*RECORDS PROVIDED*.
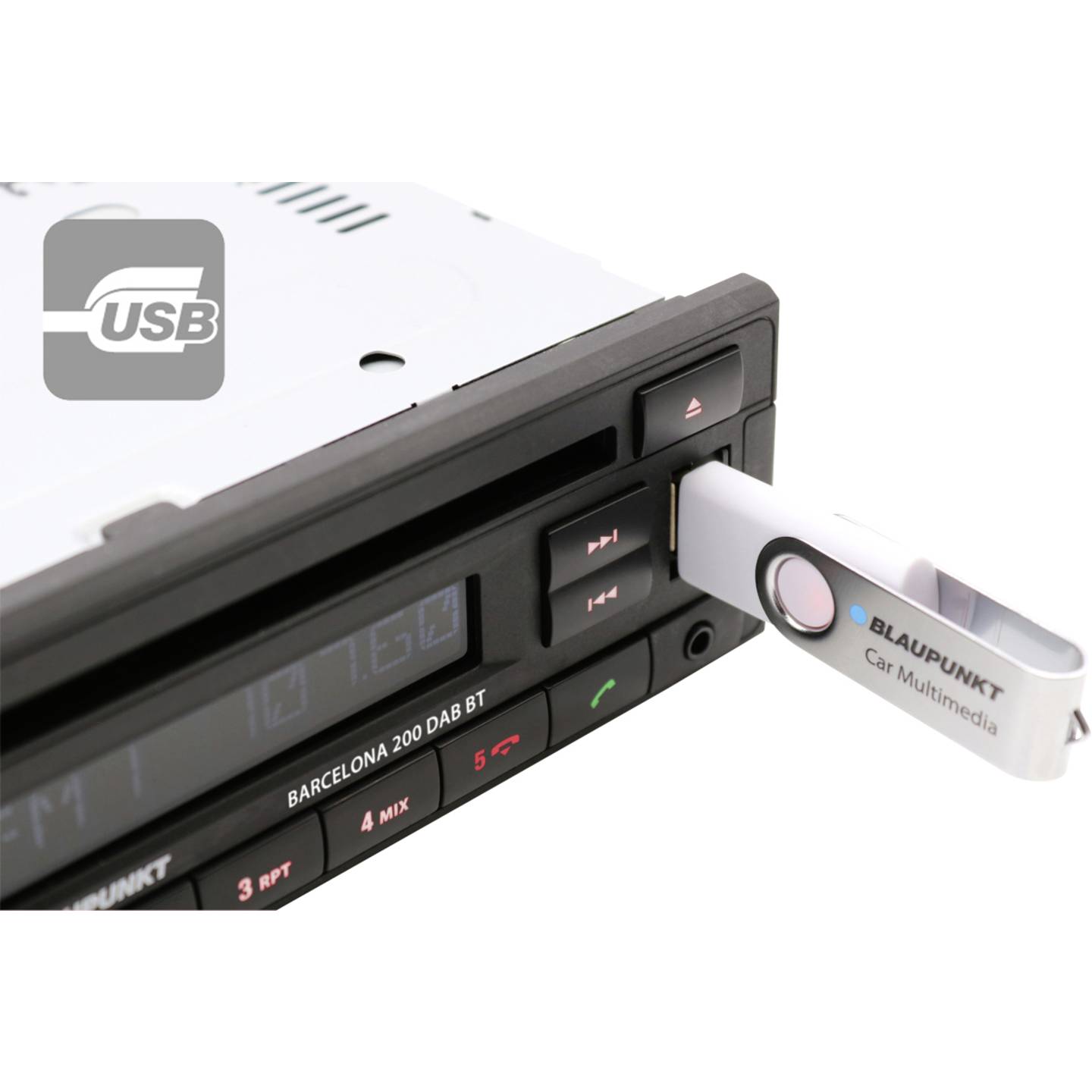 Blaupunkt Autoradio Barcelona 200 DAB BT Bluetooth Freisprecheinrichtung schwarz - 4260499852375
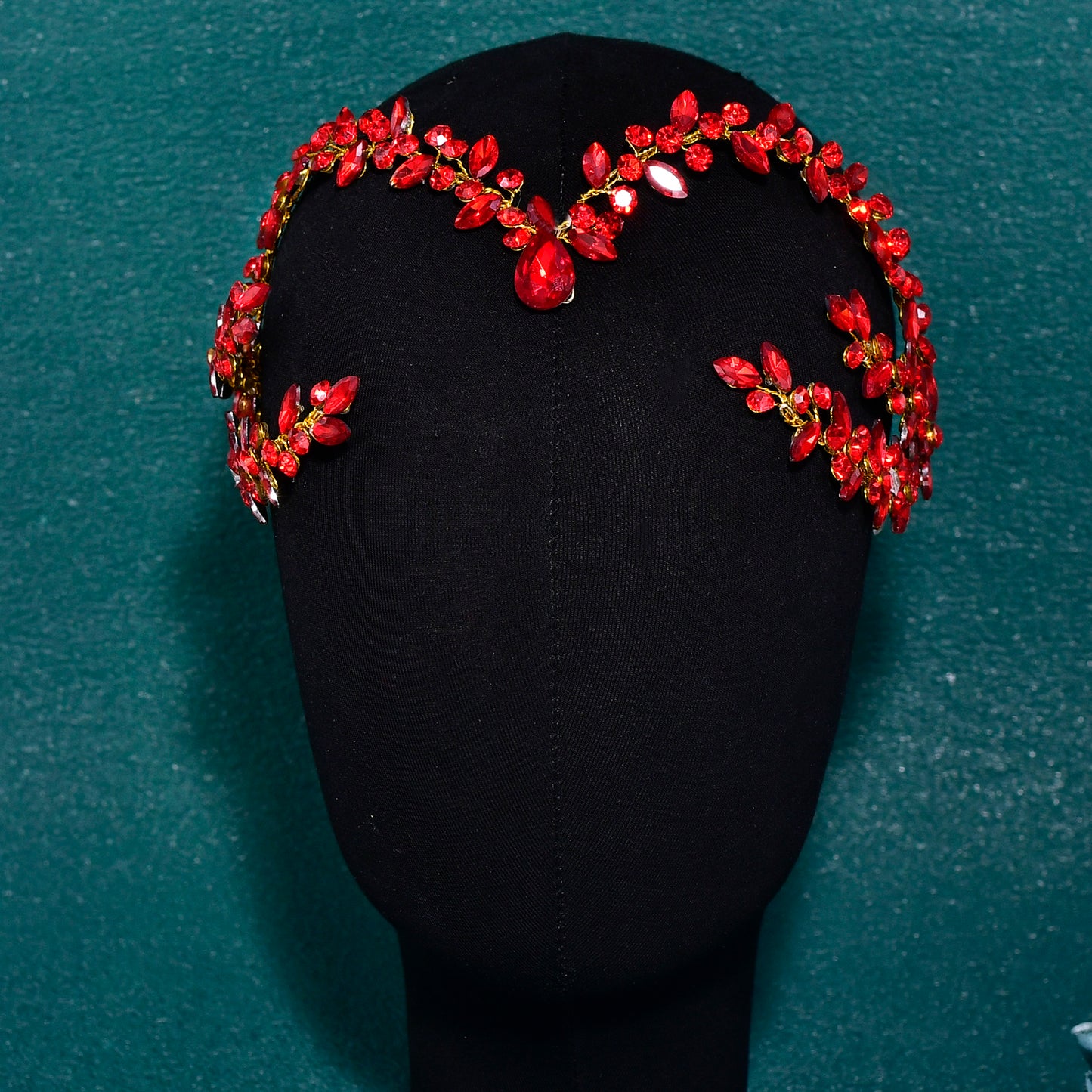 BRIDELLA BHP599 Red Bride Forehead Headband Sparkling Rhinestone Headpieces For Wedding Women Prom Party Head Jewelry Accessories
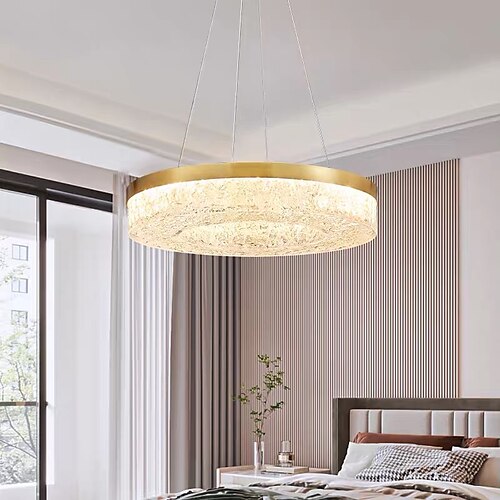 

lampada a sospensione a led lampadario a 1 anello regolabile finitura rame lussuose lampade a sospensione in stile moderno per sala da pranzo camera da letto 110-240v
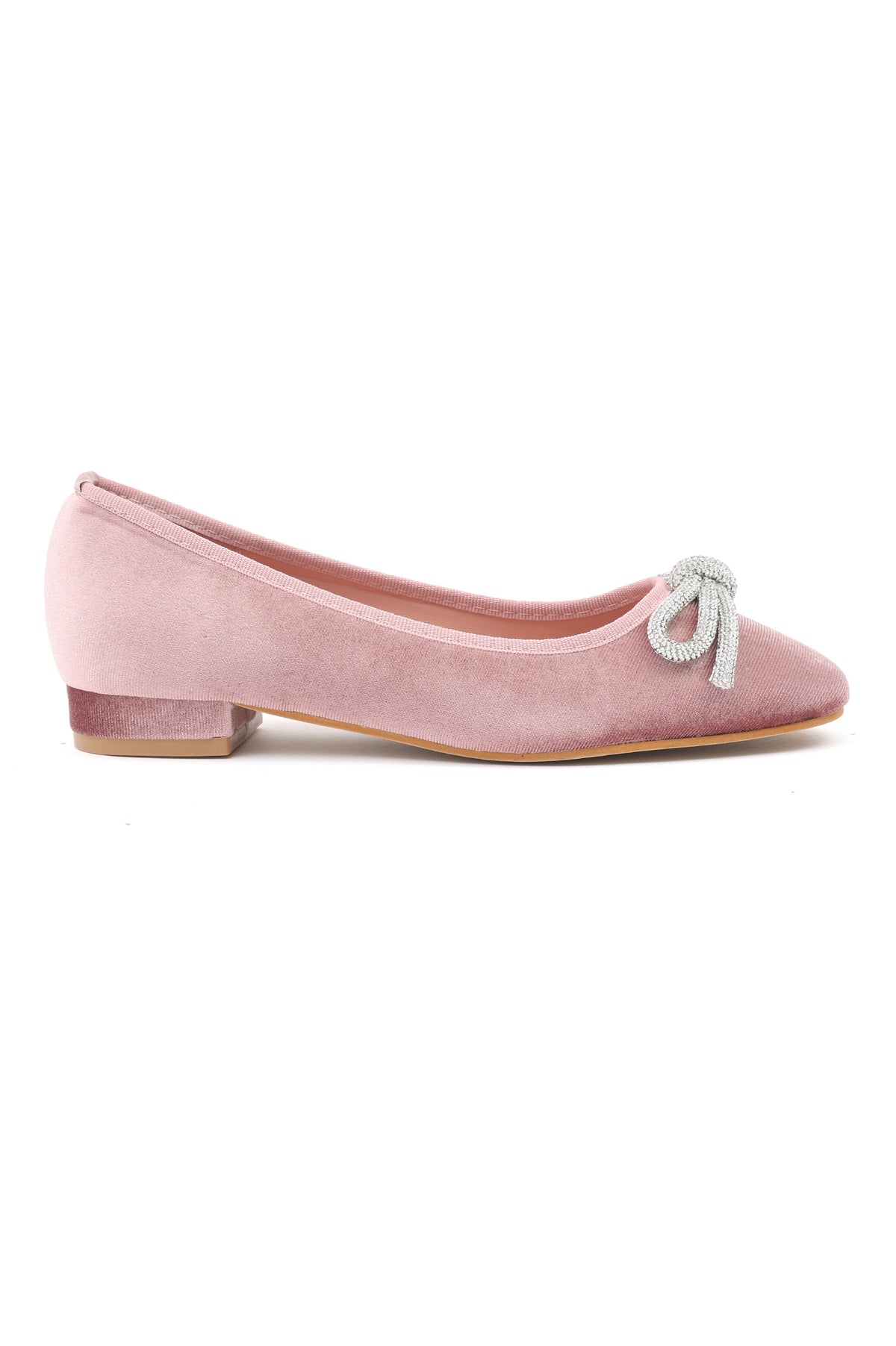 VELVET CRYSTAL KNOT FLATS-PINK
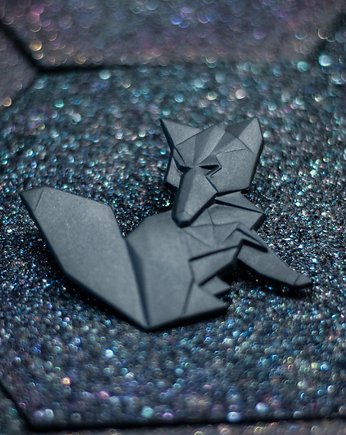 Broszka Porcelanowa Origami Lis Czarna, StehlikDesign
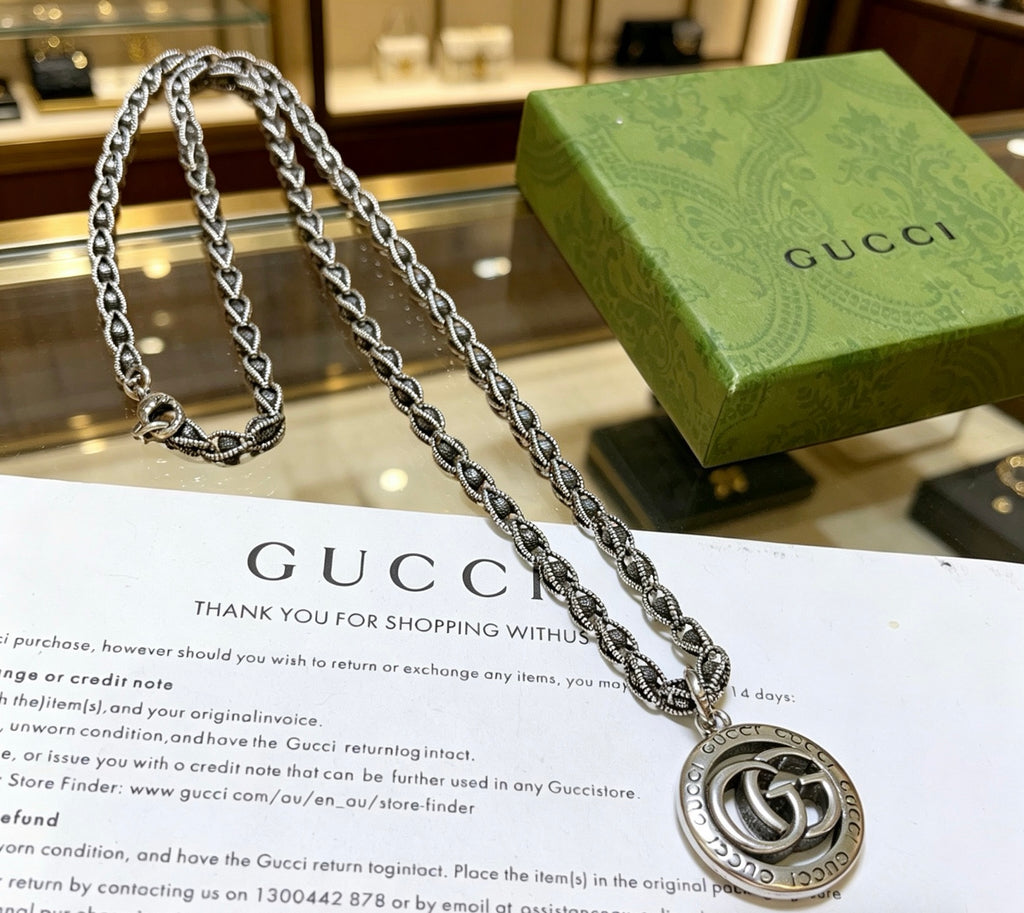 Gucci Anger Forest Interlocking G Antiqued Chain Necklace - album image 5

*ACTIVITY*.
Nothing but the lines from the one containing "lampada a sospensione" through the end of the listing should be written out, each exactly, and pictures must be left out.

*TASK OUTPUT*.
lampada a sospensione a led lampadario a 1 anello regolabile finitura rame lussuose lampade a sospensione in stile moderno per sala da pranzo camera da letto 110-240v
 VELVET CRYSTAL KNOT FLATS-PINK
 Broszka Porcelanowa Origami Lis Czarna, StehlikDesign
 Gucci Anger Forest Interlocking G Antiqued Chain Necklace - album image 5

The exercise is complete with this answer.